User-created content key to mainstream VR
This month’s Consumer Electronics Show in Las Vegas cemented virtual reality’s place as the up-and-coming consumer technology for 2016 – a movement further endorsed by the industry’s major players Oculus, HTC and Sony’s release dates of new headsets and hardware.
2016 will also be an important year for the virtual reality industry to focus on solving the consumer adoption issue. However, new hardware or devices won’t be what pushes consumers beyond a one-time test drive into everyday users.
We believe curating personalized content that outrivals any 2D viewing experience is key to driving greater consumer adoption.
This can be accomplished both by developing content that offers users the most interactive experience possible and by equipping consumers with the tools to create and engage with their own customized content.
As the cost of headsets and 360-degree cameras continue to decrease, there are fewer barriers for consumers to try the hardware. To keep them coming back, content on those headsets needs to be compelling.
Instead of just offering 360-degree videos, virtual reality experiences should offer a level of interactivity never before available.
What if you could tour Paris, learn the history of Luxemburg Gardens and see what the Eiffel tower looks like in winter and summer all from the same experience? This is where virtual reality needs to go.
With quality virtual reality technology and consumer adoption finally in sync, now is the perfect time to not only introduce virtual reality content to consumers, but also provide a way for consumers to create their own, share it and engage with it in a way that is just as easy for them as creating and sharing video content through YouTube.
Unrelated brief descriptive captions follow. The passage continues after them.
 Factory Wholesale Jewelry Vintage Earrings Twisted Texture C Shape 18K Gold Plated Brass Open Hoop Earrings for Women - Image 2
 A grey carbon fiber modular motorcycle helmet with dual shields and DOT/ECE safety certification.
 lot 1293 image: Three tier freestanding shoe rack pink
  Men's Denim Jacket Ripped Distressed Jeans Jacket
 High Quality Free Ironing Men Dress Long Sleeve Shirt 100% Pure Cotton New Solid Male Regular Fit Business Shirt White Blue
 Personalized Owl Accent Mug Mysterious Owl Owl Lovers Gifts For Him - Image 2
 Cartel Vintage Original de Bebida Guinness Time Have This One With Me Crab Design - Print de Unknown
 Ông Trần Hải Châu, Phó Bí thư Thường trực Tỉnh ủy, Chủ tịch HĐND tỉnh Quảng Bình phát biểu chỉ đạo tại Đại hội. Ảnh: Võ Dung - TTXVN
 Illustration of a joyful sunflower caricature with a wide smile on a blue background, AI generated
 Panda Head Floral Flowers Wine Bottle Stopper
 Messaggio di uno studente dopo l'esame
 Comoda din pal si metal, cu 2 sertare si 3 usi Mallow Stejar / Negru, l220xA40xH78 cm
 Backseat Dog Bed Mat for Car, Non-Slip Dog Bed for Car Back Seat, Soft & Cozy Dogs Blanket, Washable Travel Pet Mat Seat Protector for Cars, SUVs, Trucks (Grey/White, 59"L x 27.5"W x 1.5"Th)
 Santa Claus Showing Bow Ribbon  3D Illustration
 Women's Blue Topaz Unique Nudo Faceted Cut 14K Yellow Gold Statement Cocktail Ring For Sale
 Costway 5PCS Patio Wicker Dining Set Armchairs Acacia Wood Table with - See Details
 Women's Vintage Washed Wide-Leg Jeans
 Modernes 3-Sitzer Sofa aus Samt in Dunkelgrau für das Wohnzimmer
Virtual reality content needs to focus on what consumers share, rather than what businesses provide. Instead of a travel agency just providing professional content of a destination, they should encourage their customers to capture their experience in virtual reality and share it across social channels.
Have a house to sell? Why not capture it as a lived-in place, rather than a glossed video by your agency?
This way, virtual reality content becomes much more of a personal experience as opposed to simply a marketing tool used by businesses to get you to buy into a product or destination.
Companies need to focus on new ways of creating and releasing content on a regular basis, be it through their own team or their customer advocates. This will keep users entertained while also adding value to the virtual reality headset itself.
After all, it’s easier to convince someone to buy a product that they’ll be able to use thousands of times, if not more, compared to a product they know they’ll hardly have any use for.